* Task requirements *
Reproduce exactly the line with "Plakat Złoty Liść W Stylu Vintage" and all the lines beneath it, stopping only at the end of the material.

* Records supplied *
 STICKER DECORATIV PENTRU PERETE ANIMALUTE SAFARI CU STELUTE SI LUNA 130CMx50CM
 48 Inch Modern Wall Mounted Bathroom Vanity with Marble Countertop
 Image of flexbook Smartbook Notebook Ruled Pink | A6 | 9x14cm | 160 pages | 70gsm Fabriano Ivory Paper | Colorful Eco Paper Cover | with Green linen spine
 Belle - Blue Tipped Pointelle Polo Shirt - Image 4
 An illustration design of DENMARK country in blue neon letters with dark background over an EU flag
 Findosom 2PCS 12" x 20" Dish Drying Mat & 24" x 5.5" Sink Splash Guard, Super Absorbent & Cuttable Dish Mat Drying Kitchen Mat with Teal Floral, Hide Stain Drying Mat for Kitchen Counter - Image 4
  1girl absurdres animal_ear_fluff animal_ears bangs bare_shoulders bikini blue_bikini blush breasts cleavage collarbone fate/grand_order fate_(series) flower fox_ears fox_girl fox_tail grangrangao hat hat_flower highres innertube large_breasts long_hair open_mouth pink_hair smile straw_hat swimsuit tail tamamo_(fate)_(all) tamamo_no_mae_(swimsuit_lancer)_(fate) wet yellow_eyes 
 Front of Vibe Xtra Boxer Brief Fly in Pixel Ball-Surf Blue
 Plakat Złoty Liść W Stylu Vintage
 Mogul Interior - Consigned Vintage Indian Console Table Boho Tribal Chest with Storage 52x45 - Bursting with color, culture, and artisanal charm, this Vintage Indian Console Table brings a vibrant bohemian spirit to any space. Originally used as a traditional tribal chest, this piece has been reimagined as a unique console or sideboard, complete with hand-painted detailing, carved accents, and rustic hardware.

* Written answer *
 Plakat Złoty Liść W Stylu Vintage
 Mogul Interior - Consigned Vintage Indian Console Table Boho Tribal Chest with Storage 52x45 - Bursting with color, culture, and artisanal charm, this Vintage Indian Console Table brings a vibrant bohemian spirit to any space. Originally used as a traditional tribal chest, this piece has been reimagined as a unique console or sideboard, complete with hand-painted detailing, carved accents, and rustic hardware.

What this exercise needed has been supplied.